Data distribution and Naming (Anthony): too high level a discussion--need more meetings tomorrow. Different tiers of clusters--full and partial mirrors and a metadata only mirror. Noha is using async over SSH but there may be other technologies--need testing. When new partners want to add own data and how to get data to everyone. If partners add, assume everyone wants it. Work out a naming convention to id. data cluster. The role of IA as we move forward with clusters: make sure that new nodes know benefits of IA so they use IA, too (data association). Not all metadata generated at MOBOT is uploaded to cluster. Find a way to sync. Core metadata updates are in one system right now but that could change so need version control.
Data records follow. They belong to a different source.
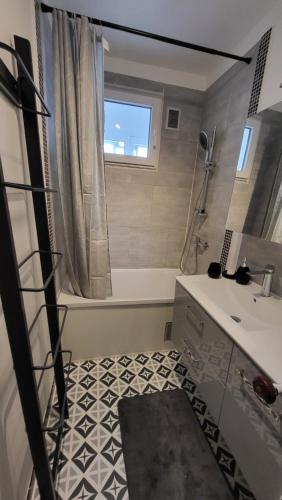 une salle de bain avec une baignoire, un lavabo et une douche dans l'établissement Les Tourterelles d'Avignon 2, à Avignon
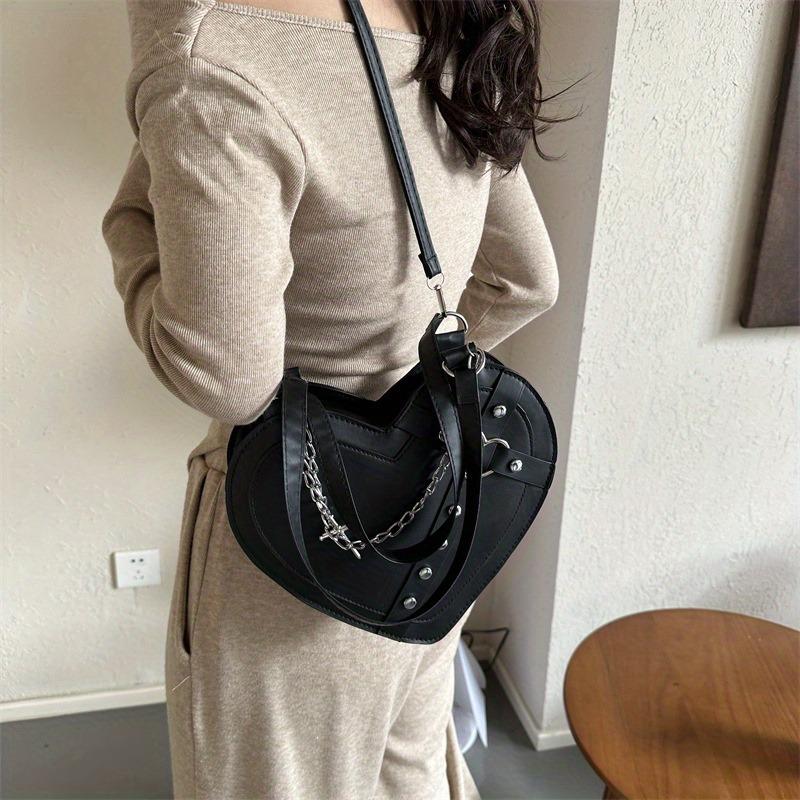 Heart-Shaped Bag with Punk Chain, Casual And Stylish, Perfect for Trendy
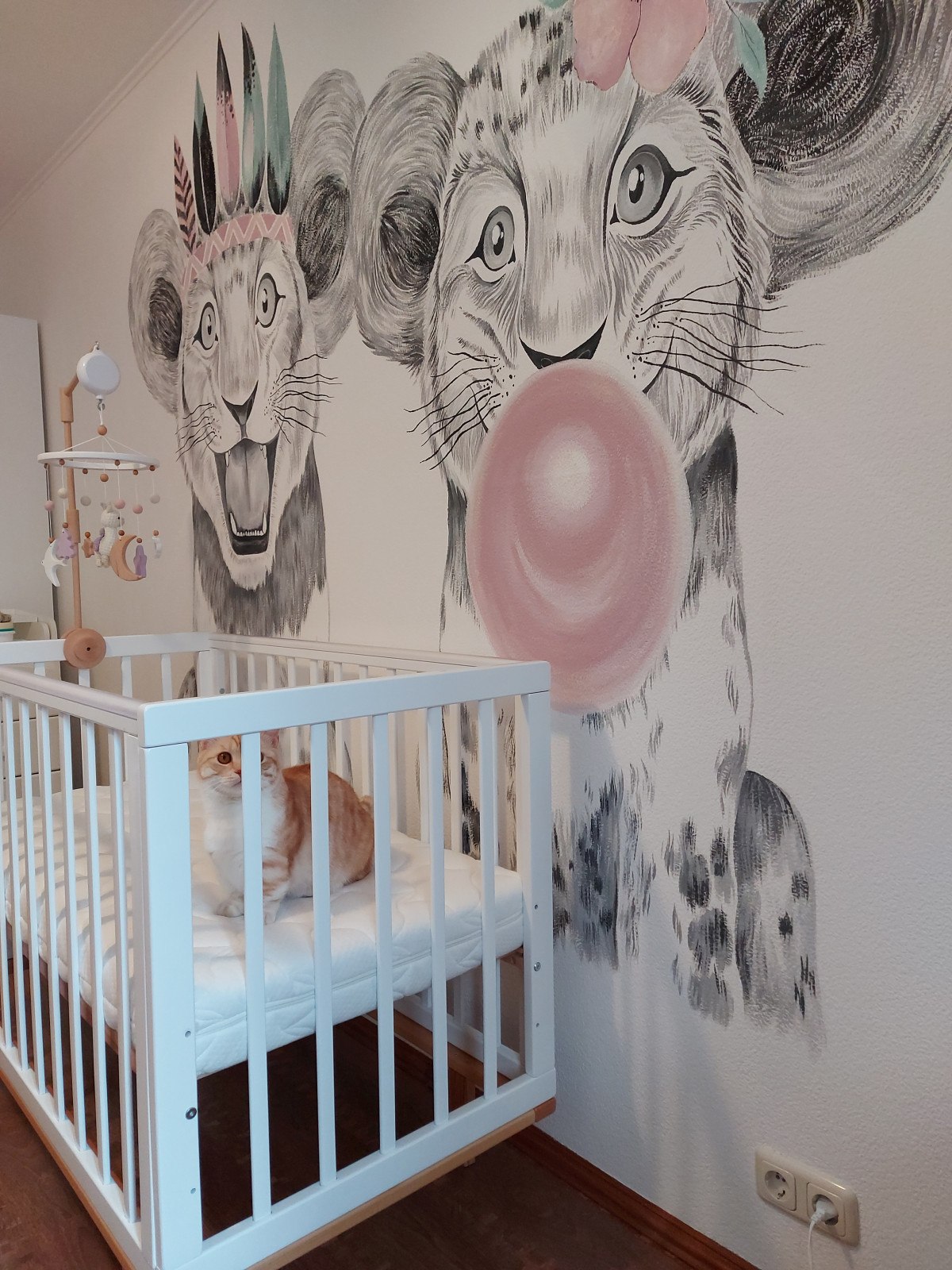 Роспись стены в детской " Львята"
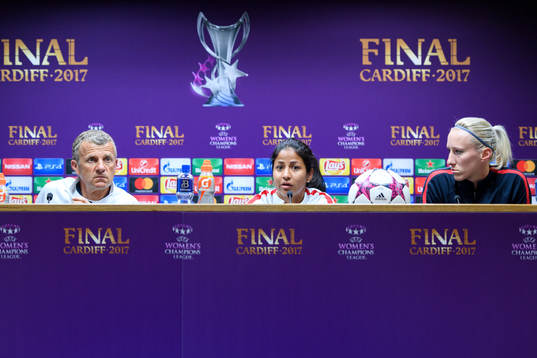 Tränare Patrice Lair,  Shirley Cruz Trana och målvakt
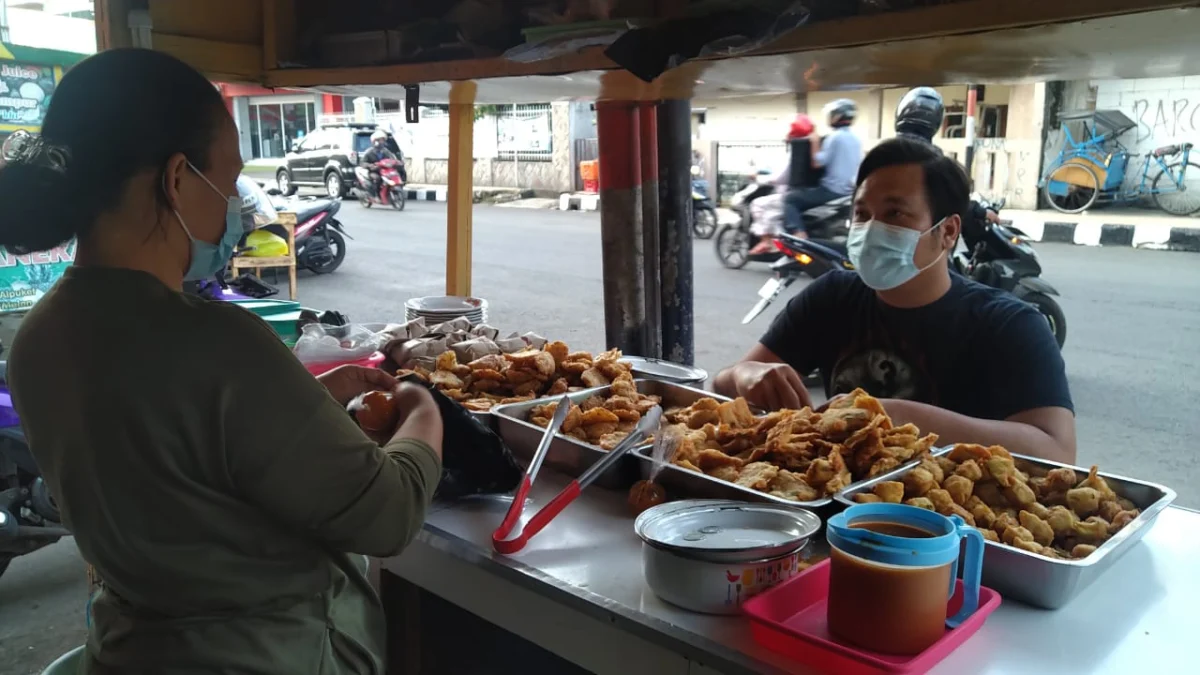 Bala-bala Ceu Popon, Menu Favorit saat Berbuka di Purwakarta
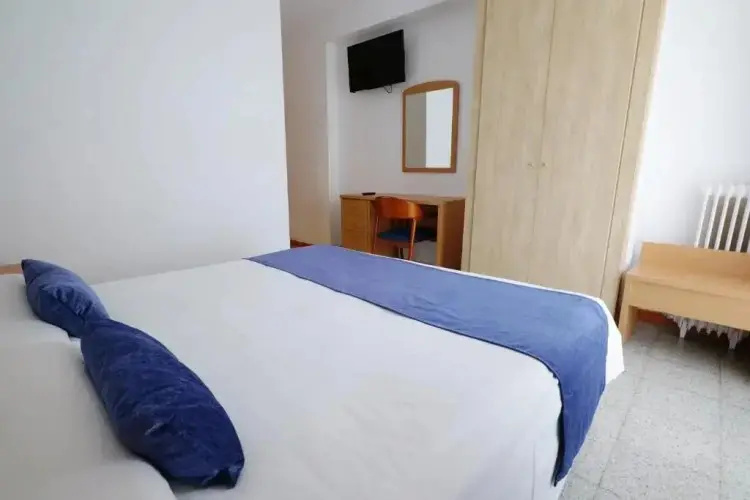 Double room seafront (full double bed)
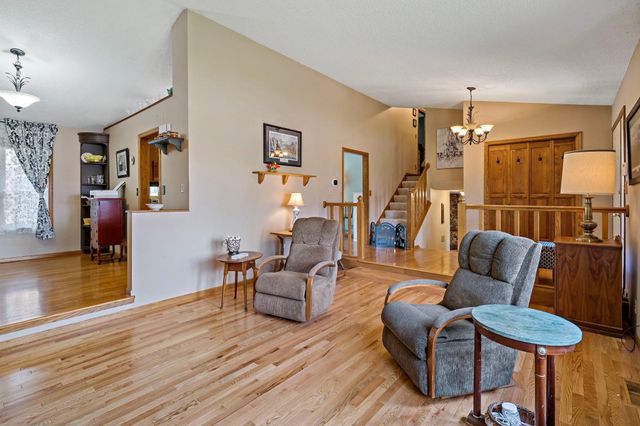 1213 Bluebill Bay Road, Burnsville, MN 55306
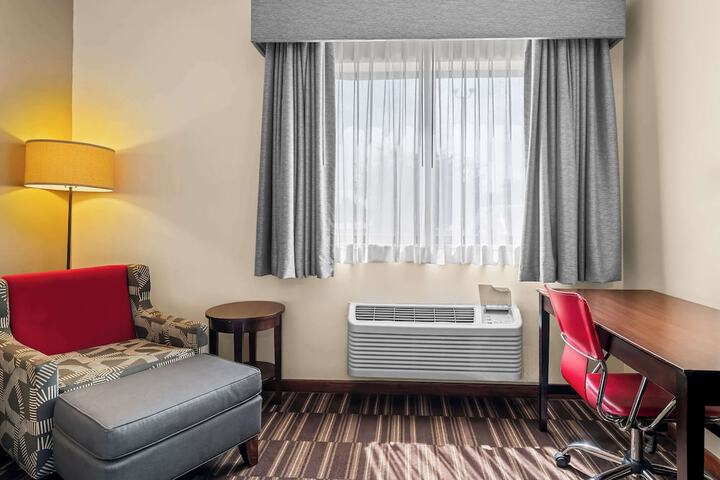 1 King Bed Microfridge High Speed Internet Full Breakfast (14 of 18)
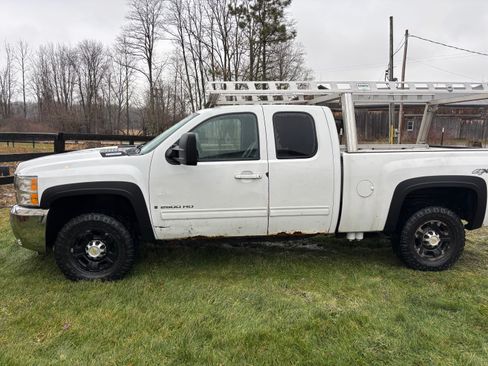 Used 2009 Chevrolet Silverado 2500 LTZ w/ Safety Package image 4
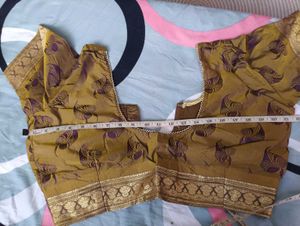 Double shade Vibrant Purple Saree with Gold Border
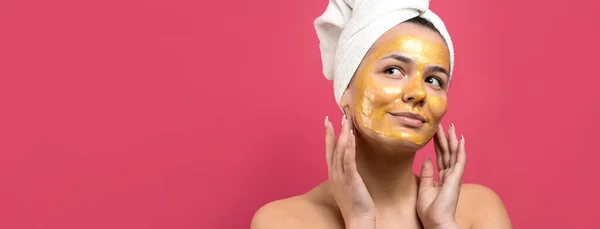 Schoonheidsportret Van Vrouw Witte Handdoek Hoofd Met Gouden Voedende Masker — Stockfoto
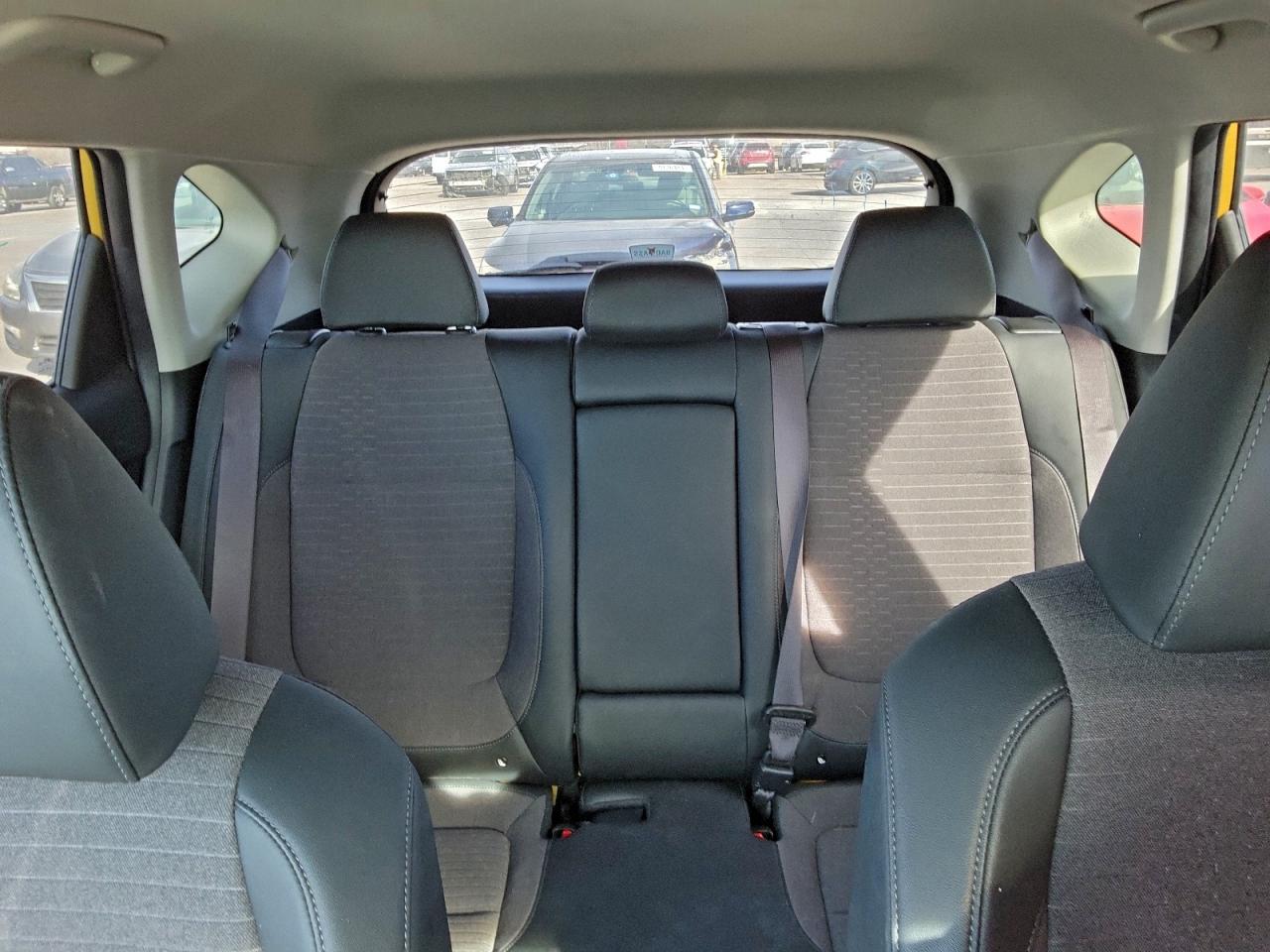 2021 KIA SELTOS S photo 10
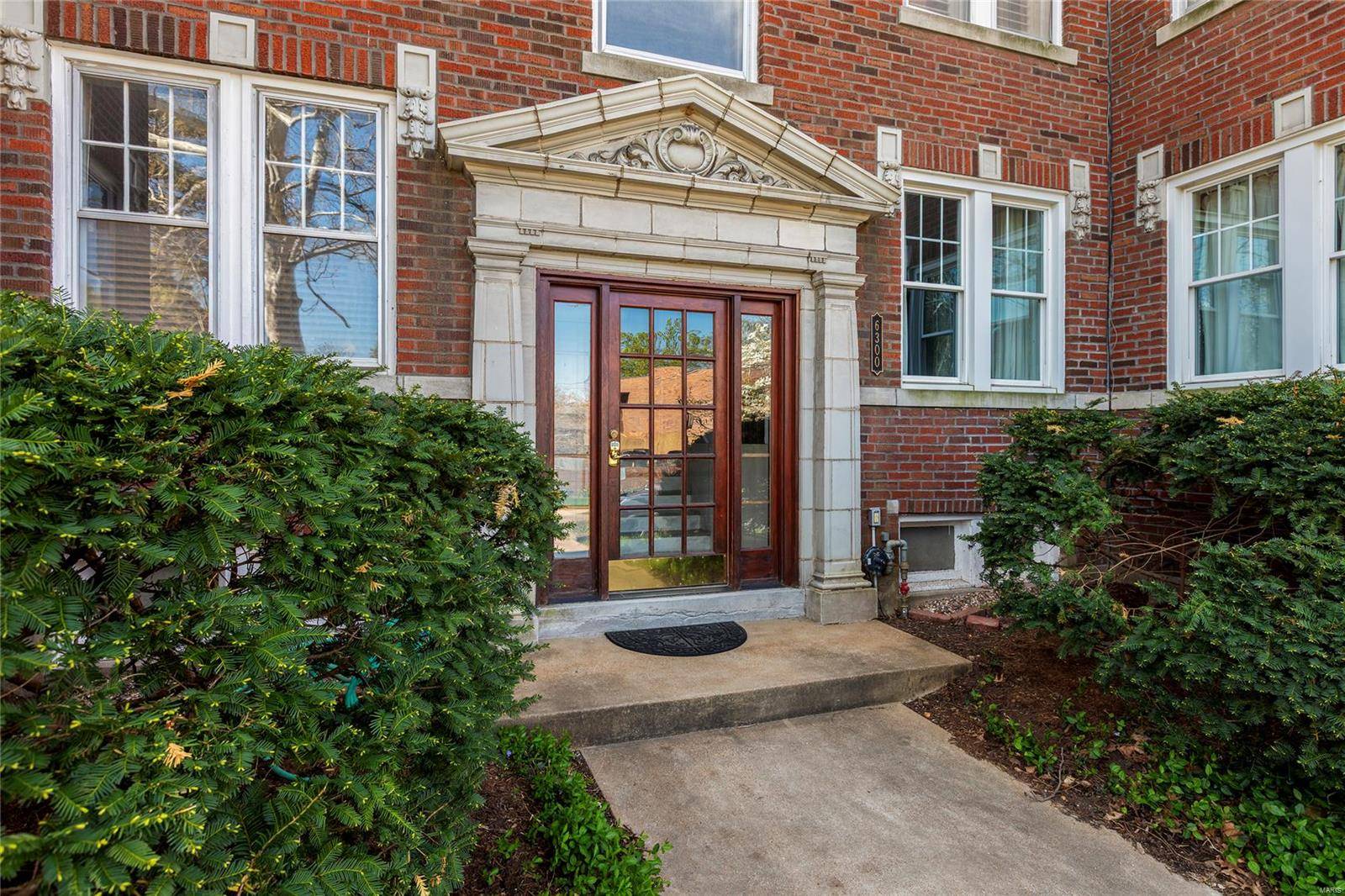 Clayton, MO 63105,6300 Northwood AVE #3W
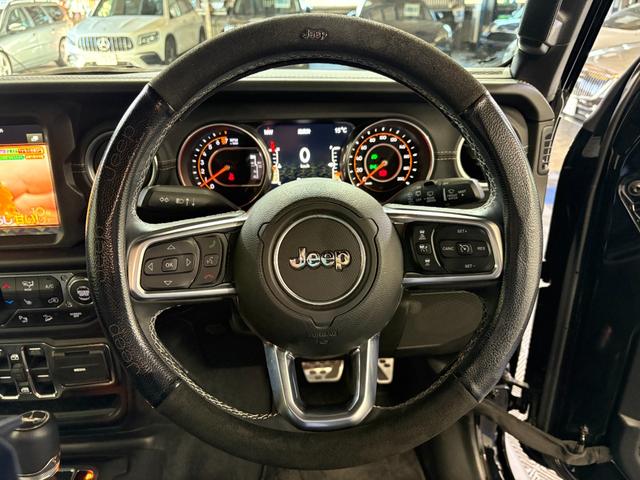 ジープ・ラングラーアンリミテッド サハラ レザーパッケージ/アダプティブクルーズコントロール/純正ナビ/自社買取車/BESTOPサンライダー/スミッティビルトルーフラック/背面ハードタイヤカバー/黒革シート/バックカメラ/ブルートゥース接続(40枚目)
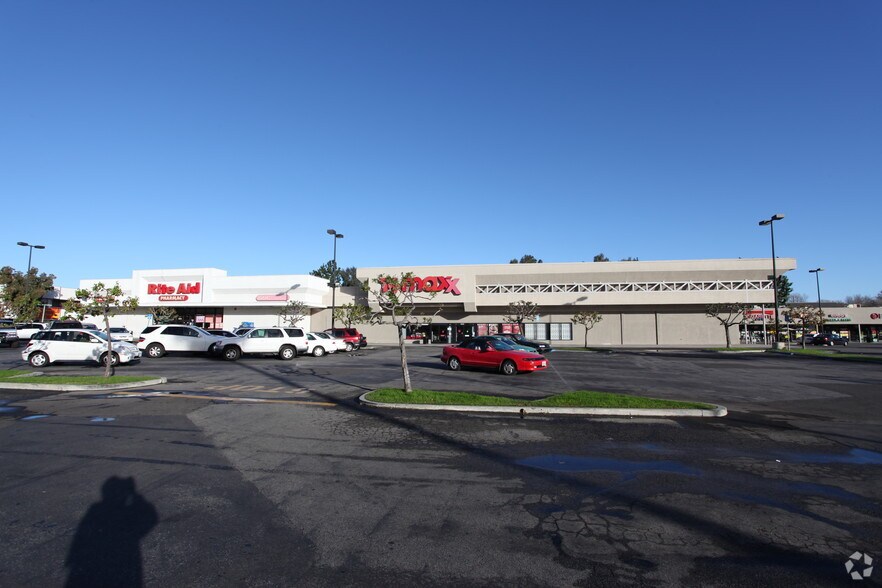 20101-20141 Sherman Way, Winnetka, CA à louer - Photo de l’immeuble – Image 3 sur 6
Handles and identifiers (Martin): how id different file structures. BHL Europe handle minting project. When attach--file structure, file type? Assign DOIs at institutional, file level? How replicate data and metadata across the nodes. Handle/DOI in global context requires discussion. ACTIONS: 1. DOI/Handle and hosting
2. Mirroring/syncing Phil, Mike, Anthony
3. testing between australia and us.
4. formalize syncing schedule
5. look at IA and Smithsonian naming structure
6. Noha, Adrian will look at naming conventions, directory structures
7. Replication and partners requires group discussion as to whether partners are replicating metadata and content as well as the code or partners that may sync only data and files, not coding. Plan ahead rather so structures/codes are common with all. Need a clear view of what each node will do.
May be multiple types of mirrors (code, metadata, data, content....various combinations).

NEW TRACKS for Friday:

Determine synchronicity and then Business Continuity/Resilience
GRIB/Metadata/Scanning Workflow (Boris)